Dancing Girl of Moenjodaro

Habib Khan, Quetta: When I was in the first year of Engineering we used to live in a secluded hostel where our spare time was mostly spent chatting in each others rooms fostering good relationship between boys from different parts of the country.

Irfan Brohi was from Hyderabad with ancestral roots from “Kanak” in Balochistan, and belonged to the “Rodeni” tribe of the Brahvi’s.

Even though he didn’t speak any Brahvi or Balochi but he soon developed good relationship with the boys from Balochistan, and one day we were delighted when Irfan invited us to visit his home in Hyderabad and talk to his father who spoke fluent Brahvi.

Apart from meeting Irfan’s father, I still vividly remember the delicious parathas made by his mother and the laughter we shared while reading from a joke book.

However, after lunch, Irfan took us to a movie based on the story of a woman who ran a brothel, renounced her sinful ways, and planned to lead a pious life. But when faced with defending the honor of a helpless woman, she brandished a gun and shouted the film’s final dialogue,

“Aik gunah aur sahi”
(Just one more sin)
–also the title of the film.

For me, the movie’s highlight was a song partly picturized in the ruins of Moenjodaro, “Aa dekh Mohenjo-Daro main ye bigri hui tasweer meri” (Come and witness in Moenjodaro this distorted picture of mine).

The camera focused on what I later learnt was the iconic “Dancing Girl of Moenjodaro”. Although I don’t know the song writer, it poignantly captured the misery of women from prehistoric times to the present day.

Impressed by the song, I wanted to see the Dancing Girl at Moenjodaro, but life’s struggles kept me away for 40 years.

Finally, in February 2015, we four of us from Merck planned the long-awaited trip to Moenjodaro.

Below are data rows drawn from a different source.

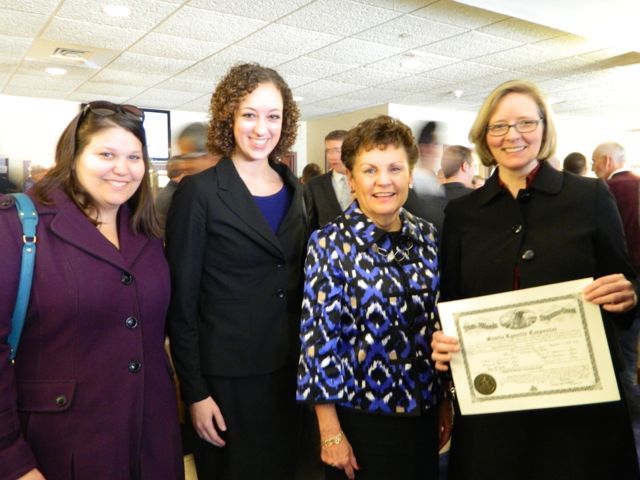 New admittees Lisa R. Schlessinger (Savoy), Rachel E. Petter (Springfield), and Starla L. Carpenter (Urbana) with Illinois Supreme Court Justice Rita B. Garman 
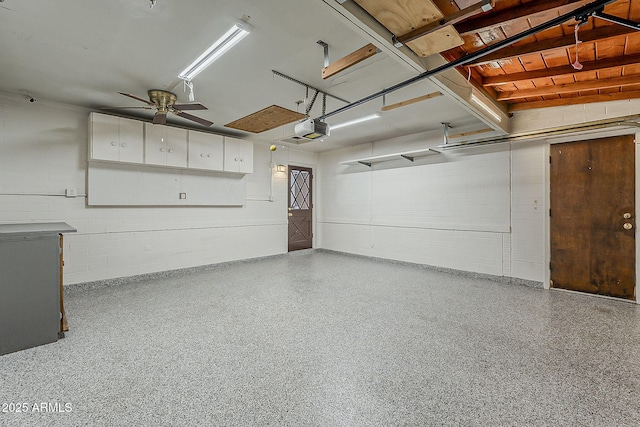 2432 W Echo Ln, Phoenix, AZ 85021 - garage featuring a garage door opener, concrete block wall, and ceiling fan
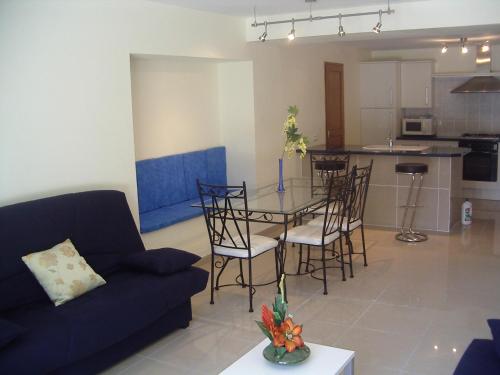 un salon avec une table et des chaises et une cuisine dans l'établissement Résidence du parc, à Souillac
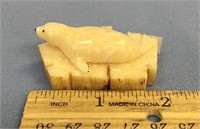 An extremely well done core walrus ivory seal moun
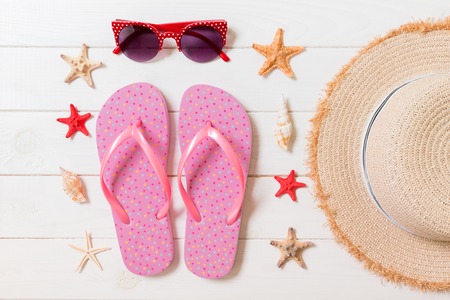 Travel and vacation accessories on a white wooden background. top view summer holiday concept with...
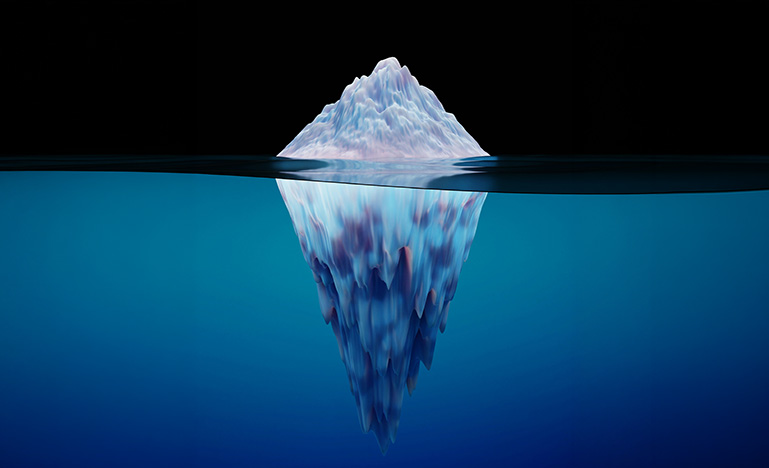 Cross-section view of an iceberg floating in the ocean. 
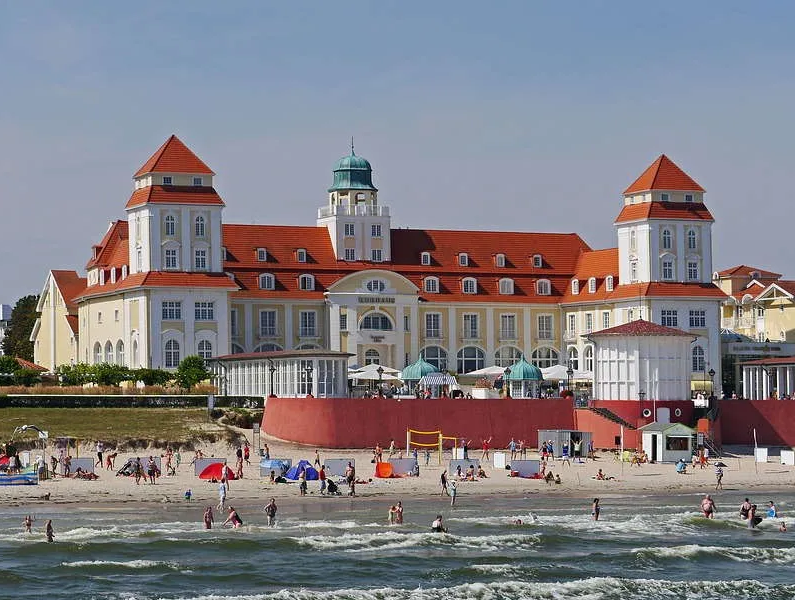 pixabay, lizenzfrei Ein großes Gebäude mit einem roten Dach steht oberhalb eines Strandes.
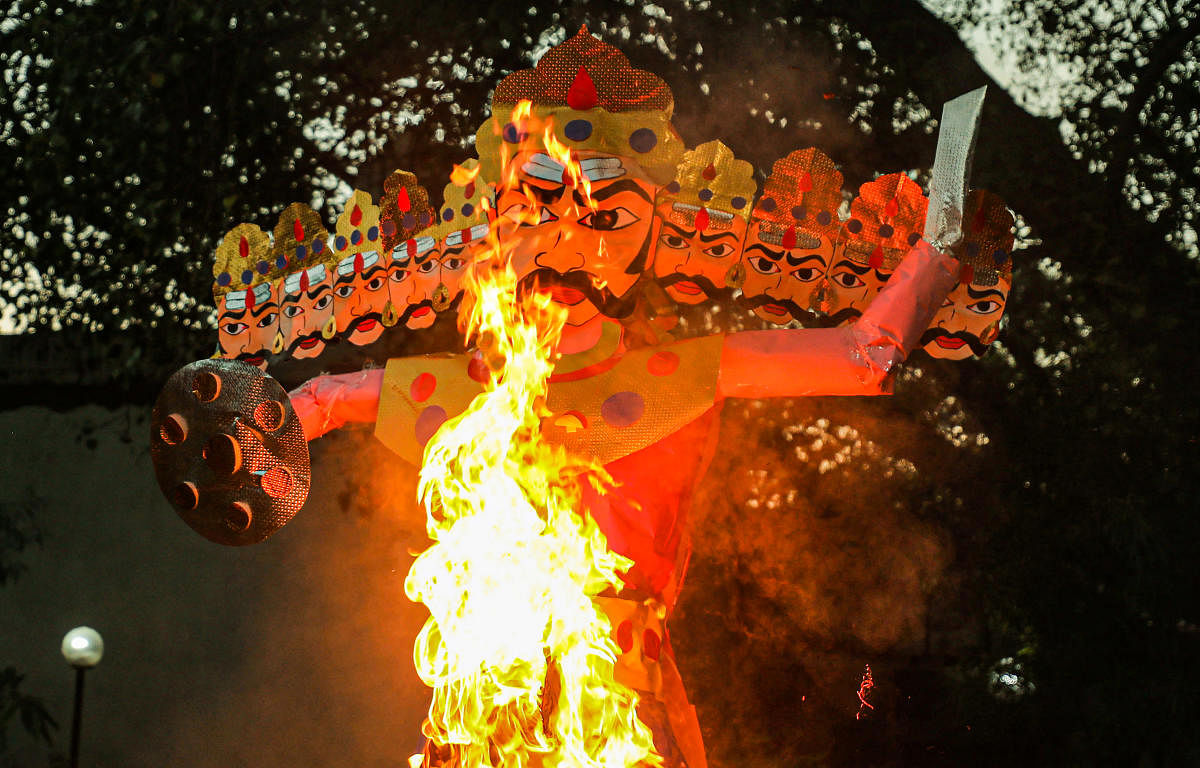 An effigy of Ravana in flames marking the end of the Dussehra festival, in Jammu. Credit: PTI Photo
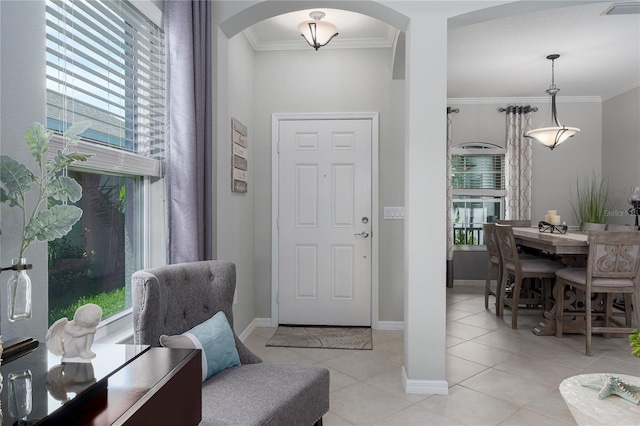 entryway featuring visible vents, arched walkways, light tile patterned flooring, crown molding, and baseboards
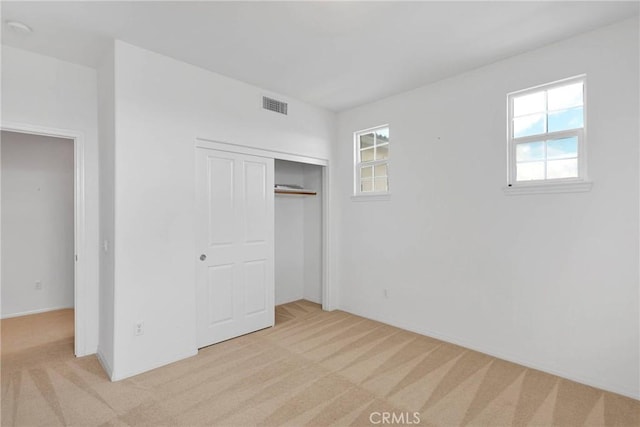 unfurnished bedroom featuring visible vents, a closet, and light carpet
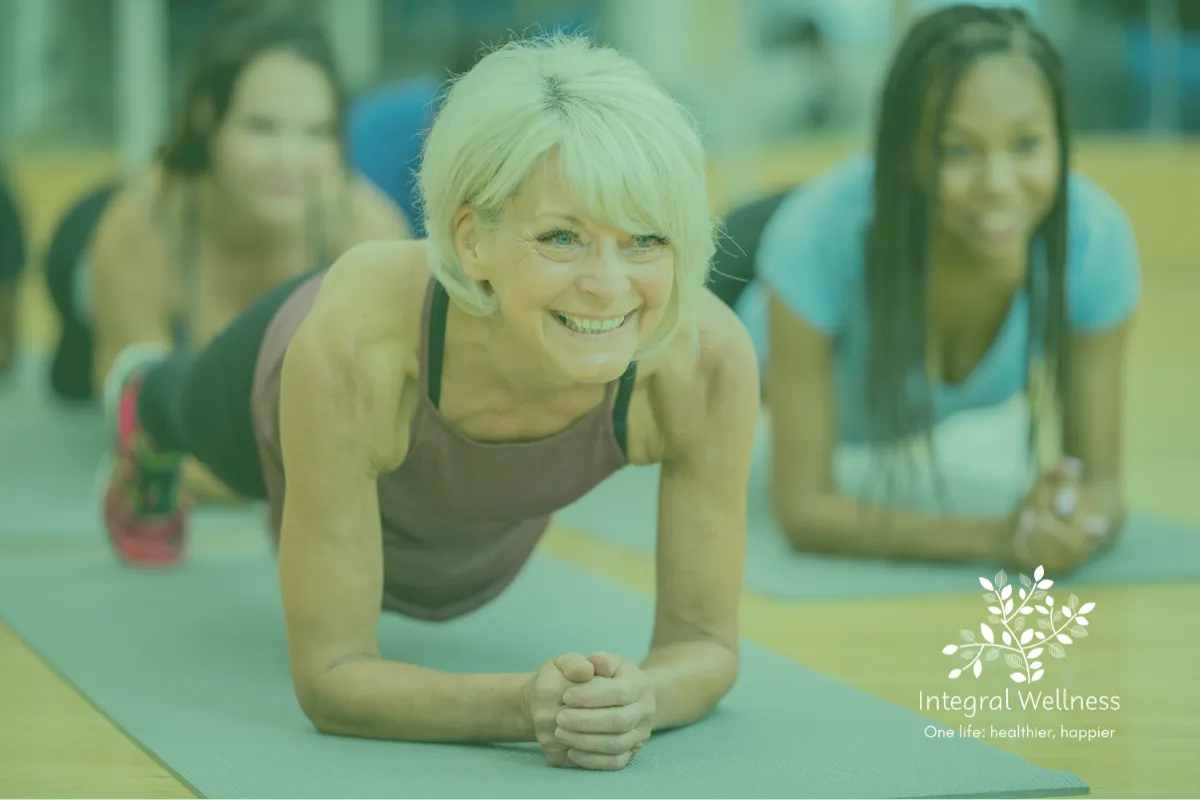 A group of adults in a bright fitness studio holding a plank position on yoga mats. One person is in focus at the front while others line up behind them. The atmosphere looks supportive and energetic. The Integral Wellness logo appears in the bottom right corner with the tagline “One life: healthier, happier.”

At the site, I sadly learned that the Dancing Girl was only a replica; the original, only 10 cm tall, is displayed at the New Delhi museum.

I was also surprised to find that the entrance fee was just Rupees 20, but the gatekeeper didn’t even issue tickets, so not even that small amount reached the authorities. Furthermore, I discovered that thieves from a neighboring village had stolen most of the artifacts by removing the glass roof panels of the museum.

Unable to stomach more bad news, I sought a certified guide to learn about Moenjodaro’s real history and excavation, but unfortunately, there were no guides available at the site.

Until one employee offered his services. He took us around the site for the next couple of hours and proved to be exceptionally knowledgeable about archeology. At the end, I gave him Rs. 2,000 as a token of appreciation. However, most of other employees and even my friends complained that he didn’t deserve it since he was already receiving a salary. Interestingly, the employee, after taking my business card, would call me at least once a month until I retired, and every time he would say, “Sir, people like you don’t visit the site often.”

Each time, I would think about it, I would recall Manto’s short story, “Aakhir Rishwat kaam kar gayi” (After all, the bribe did work”).

PS: Sometime back I read that even the Dancing Girl replica has been stolen? Any news about that?